O carro de Arthur, um magnífico Sunbeam Alpine 1953 azul claro, idêntico ao usado pela Grace Kelly no filme Ladrão de Casaca, fora roubado do estacionamento da Ópera Municipal há três noites. Não havia testemunhas e ninguém soube explicar o sumiço do mesmo.

– Por Zeus, homem, que notícia maravilhosa! E você com essa cara de quem veio de um velório.

Leon, o fiel braço direito de Arthur nos últimos sete anos, tira uma caderneta do bolso, na esperança de se tornar mais fácil ler do que simplesmente pronunciar as palavras como viessem à sua mente, então, declarou:

– "O carro foi encontrado esta madrugada, próximo ao litoral. No porta-malas estava o corpo de uma mulher nua, morta a facadas e com sinais de violência sexual". 

– Que horror, Leon! – disse o ator, ao se levantar às pressas e indo fechar as cortinas que davam para o jardim – a imprensa já sabe?

– Ainda não. Mas a polícia não é muito discreta, você sabe como são. É provável que a notícia vaze até o final do dia.

– E quem era a mulher?

– Não tinha identificação, só se sabe que estava amarrada e amordaçada.

– Pobrezinha! Isso será um escândalo. Já consigo até ouvir a voz de gralha do diretor dizendo "Art, vou acabar com você por isso!". Ligue para o meu agente, imediatamente.
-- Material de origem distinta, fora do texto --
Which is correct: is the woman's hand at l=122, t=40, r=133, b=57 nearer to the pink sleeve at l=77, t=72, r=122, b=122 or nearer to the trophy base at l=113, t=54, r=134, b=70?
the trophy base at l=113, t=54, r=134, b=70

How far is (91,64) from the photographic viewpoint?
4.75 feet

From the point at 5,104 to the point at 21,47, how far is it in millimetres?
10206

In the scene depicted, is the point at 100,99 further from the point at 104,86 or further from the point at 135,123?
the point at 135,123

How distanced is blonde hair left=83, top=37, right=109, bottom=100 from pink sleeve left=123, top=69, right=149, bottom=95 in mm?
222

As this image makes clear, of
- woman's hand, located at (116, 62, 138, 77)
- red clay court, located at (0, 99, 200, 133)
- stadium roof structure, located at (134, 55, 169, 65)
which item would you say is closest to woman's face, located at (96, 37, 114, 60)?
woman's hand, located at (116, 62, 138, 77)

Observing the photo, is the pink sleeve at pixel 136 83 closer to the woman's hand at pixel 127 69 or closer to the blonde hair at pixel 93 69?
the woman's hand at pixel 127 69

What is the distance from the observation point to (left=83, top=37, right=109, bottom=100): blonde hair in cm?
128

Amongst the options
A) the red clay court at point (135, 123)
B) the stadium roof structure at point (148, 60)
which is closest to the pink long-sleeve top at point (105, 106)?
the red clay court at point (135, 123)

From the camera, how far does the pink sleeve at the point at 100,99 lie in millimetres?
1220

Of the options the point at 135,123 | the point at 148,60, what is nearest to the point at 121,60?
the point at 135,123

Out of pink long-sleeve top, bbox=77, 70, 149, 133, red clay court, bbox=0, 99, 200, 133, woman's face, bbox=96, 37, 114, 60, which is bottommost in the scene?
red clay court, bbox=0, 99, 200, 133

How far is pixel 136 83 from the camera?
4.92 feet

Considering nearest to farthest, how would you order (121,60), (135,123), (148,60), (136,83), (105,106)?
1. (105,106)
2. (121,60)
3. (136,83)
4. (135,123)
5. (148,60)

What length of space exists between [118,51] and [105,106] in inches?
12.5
Precisamos saber o que fazer.

– Já fiz isso. Ele mandou o senhor não falar com ninguém e negar tudo.

– Negar o quê? – gritou histérico - Do que está falando, Leon?
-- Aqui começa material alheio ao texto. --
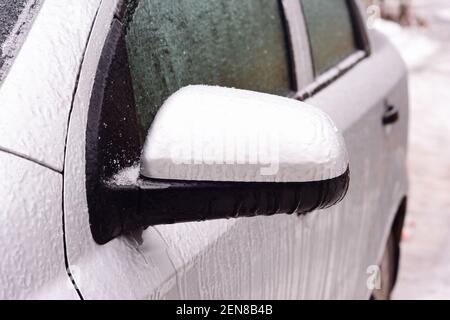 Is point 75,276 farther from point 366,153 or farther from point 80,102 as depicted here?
point 366,153

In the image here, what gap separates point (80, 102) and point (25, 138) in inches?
4.9

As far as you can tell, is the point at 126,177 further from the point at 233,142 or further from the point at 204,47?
the point at 204,47

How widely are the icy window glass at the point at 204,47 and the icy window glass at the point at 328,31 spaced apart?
0.26 m

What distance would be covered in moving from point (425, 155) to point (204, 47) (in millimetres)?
5072

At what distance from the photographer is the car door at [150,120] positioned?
127 cm

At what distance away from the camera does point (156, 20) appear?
1548 millimetres

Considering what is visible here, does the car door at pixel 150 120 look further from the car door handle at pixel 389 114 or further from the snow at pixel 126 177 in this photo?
the car door handle at pixel 389 114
– Bom, o senhor não tem álibis para os últimos dois dias. Esteve desaparecido desde a noite na Ópera e a polícia lhe tem como o principal suspeito da morte da garota de programa.

– Eu? Eu estive aqui nos últimos dois dias. Você sabe melhor do que ninguém que sempre venho para cá, para me isolar quando preciso me preparar para um papel. 

Arthur, tremolo, serve para si uma dose de uísque sem gelo, bebe um gole e para alguns instantes olhando uma parede sem decoração.

– Diga-me, Leon, como você sabe que ela era uma prostituta?  


***

Nota: A peça que Arthur lê no início do conto é Ricardo II, do William Shakespeare, na tradução de Oscar Mendes, minha favorita.